The right to be forgotten allows for EU citizens to request that links containing personal information about them be removed from search results. This right imposes a duty on Google to scrub its search results. Typically, citizens seek to remove search results that relate to past criminal history or questions about one’s moral turpitude.

Google has argued that they are careful not to remove search results that are in the public interest and that they are dedicated to defending the public’s right to access lawful information. However, France’s privacy regulators have sought to extend the right to be forgotten beyond EU borders in a bid to protect the privacy of individuals.

The European Court of Justice concluded that the protection of personal data is not an absolute right and must be balanced against people’s rights of access to information and privacy. Therefore, they imposed new geographic limits on the right to be forgotten, declaring that it should apply only within the European Union.

Read the full article on CNN: Google does not have to honour the ‘right to be forgotten’ outside Europe

Analysis:

The right to be forgotten was not meant to be absolute. When deciding on removal requests from users, search engines were required to consider whether the information is inaccurate, excessive or in the public interest. Although these principles were clearly elucidated, there is considerably less clarity on how a private search engine is meant to decide on questions of public interest. 

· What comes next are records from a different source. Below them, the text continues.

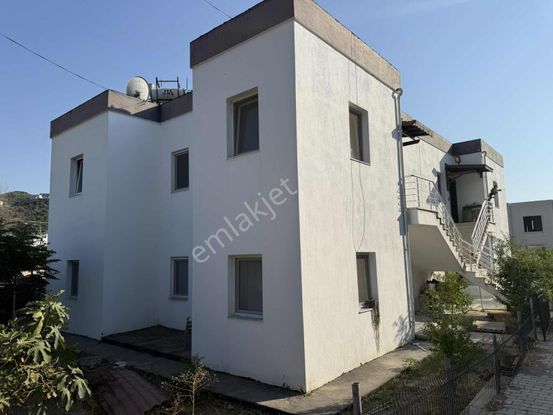Bodrum Yalıkavak Fırsat Satılık 3+1 Daire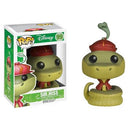 Sir Hiss - Disney Series 6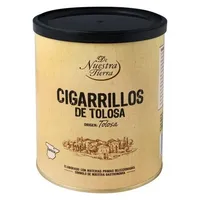 Cigarrillos de Tolosa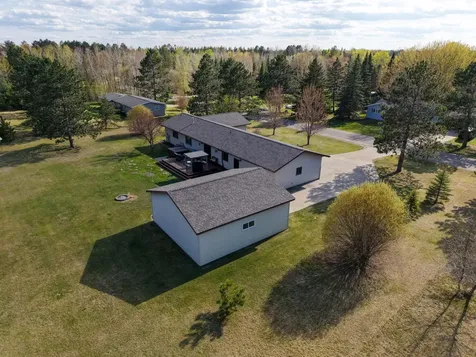 6834 Dickinson Drive NW Bemidji MN 56601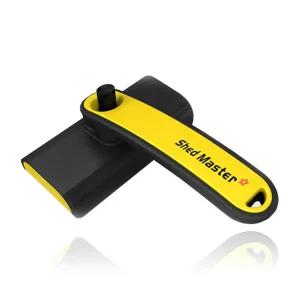 셰드마스터 반려동물 털제거 브러쉬 강아지 고양이 겸용 빗 애견 미용 슬리커엉킴 관리 마스터 용품 빗질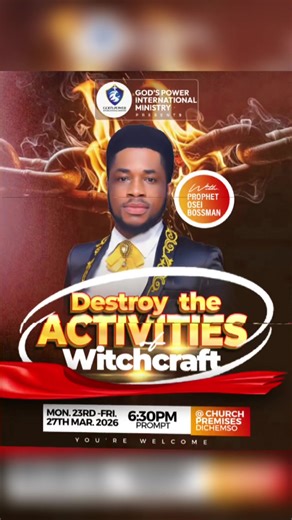 ProphetOseihyieman (@prophetoseihyieman)’s videos with original sound - chinyama chiteta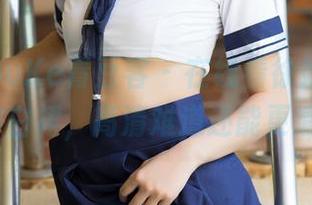QingDouKe青豆客 – 在线看徐妍馨Mandy穿白裙，高清难道还能更清晰？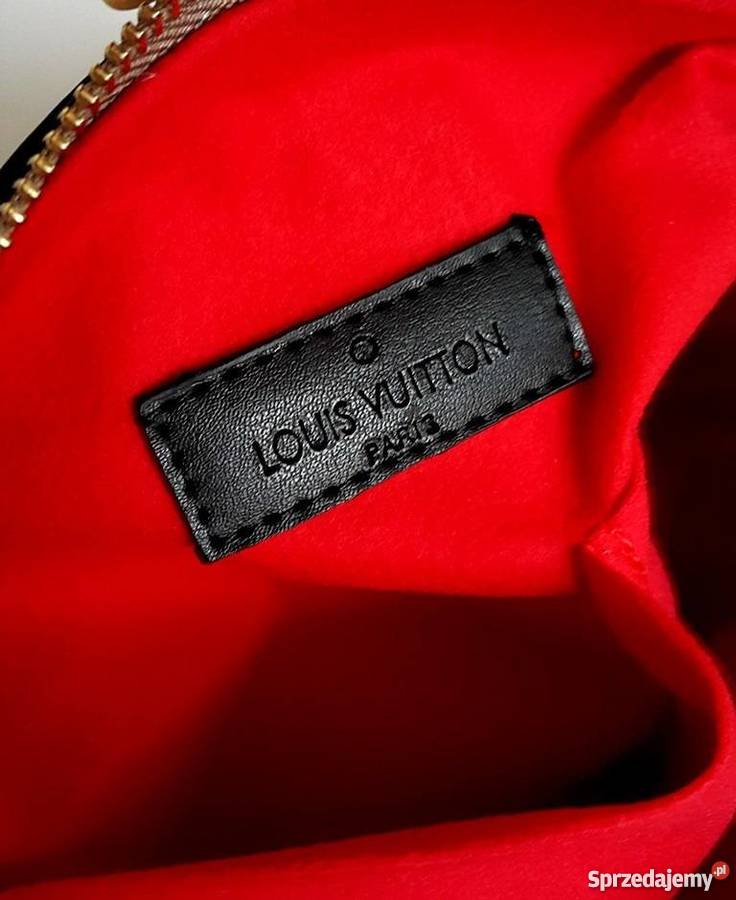 TOREBKA LOUIS VUITTON TUILERIES LV MONOGRAM Dla kobiet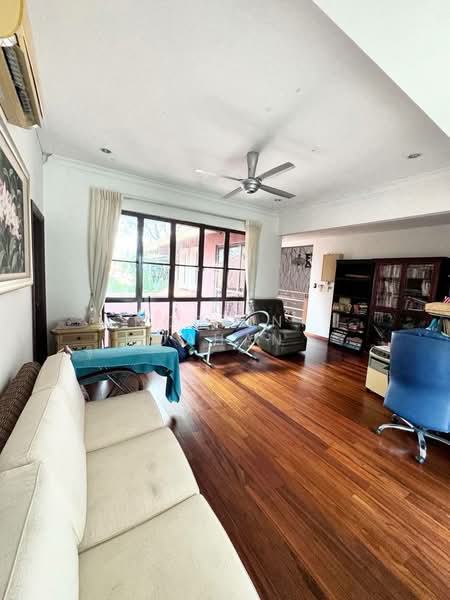 Bungalow for Sale in Kajang (Selangor) - Noraini Dahan - Living Room - PropertyGuru.com.my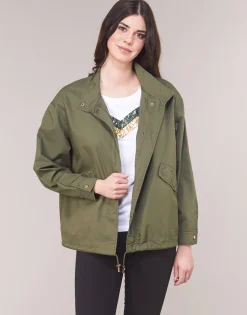 Clearance Only - ONLVERA Kaki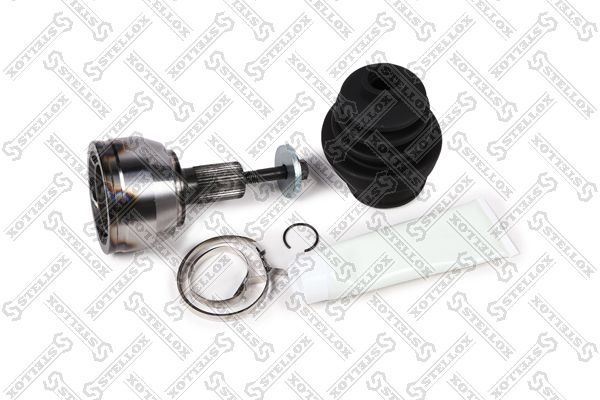 STELLOX 150 1731-SX Joint Kit, drive shaft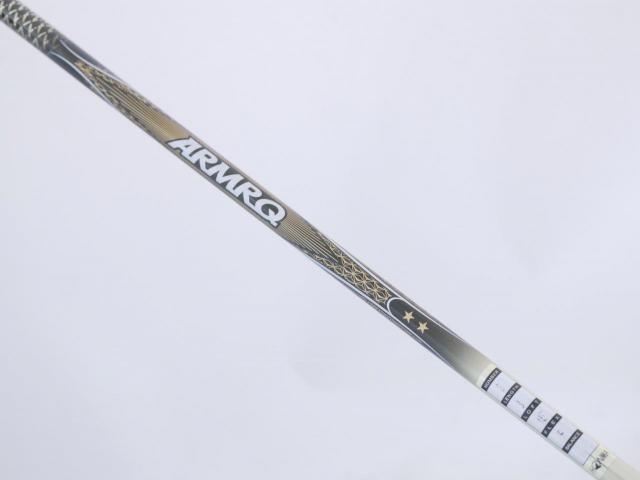 Fairway Wood : Honma : หัวไม้ 3 Honma Beres 2020 (ออกปี 2020) Loft 15 ก้าน Honma ARMRQ (42) Flex R (2 ดาว)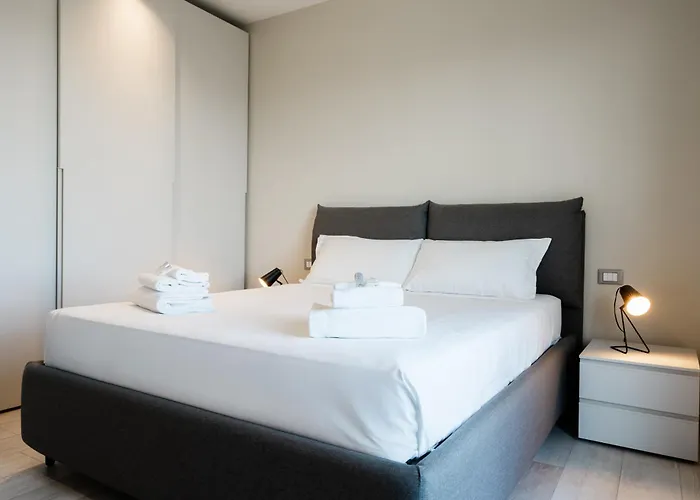 Cinecitta Dreams Apartment *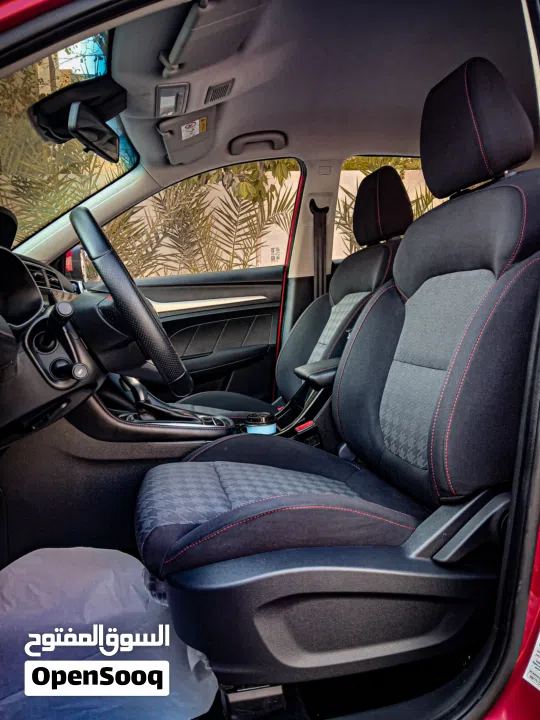 MG ZS 2024 LOW MILEAGE CAR FOR SALE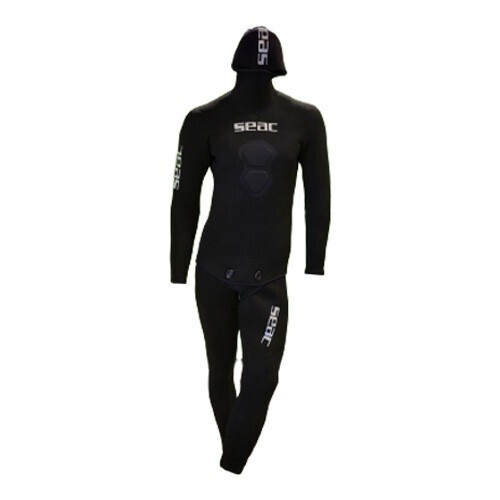 Muta seac sub apnea royal - muta,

How can Google decide on whether to scrub off information about one’s criminal history without going into a full-length investigation? Should they even be able to adjudicate on such matters? In a previous case, Google was ordered to scrub the criminal background of someone who no longer worked in the same field as he did when the crime was committed. The Court then decided that his past offences were no longer relevant to his current employment suitability. 

While the Court has decided that the protection of personal data is not an absolute right, what can Internet users do who face a deluge of personal information online? Given that social media platforms offer users to publish information and content about us without our consent, there are considerable difficulties in trying to curate the kind of personal information that is available online.

Questions for further personal evaluation: 

  1. Why is that the right to privacy and the right to be forgotten cannot be treated absolutely? Can the value of others’ access to our personal information ever outweigh the right to privacy?
  2. Electronic Frontier Foundation (a nonprofit defending digital privacy and free speech) has admitted its discomfort with Google deciding which search results to be scrubbed clean. Do you agree with such sentiments? Why or why not? If so, how would you propose search results removal requests be decided?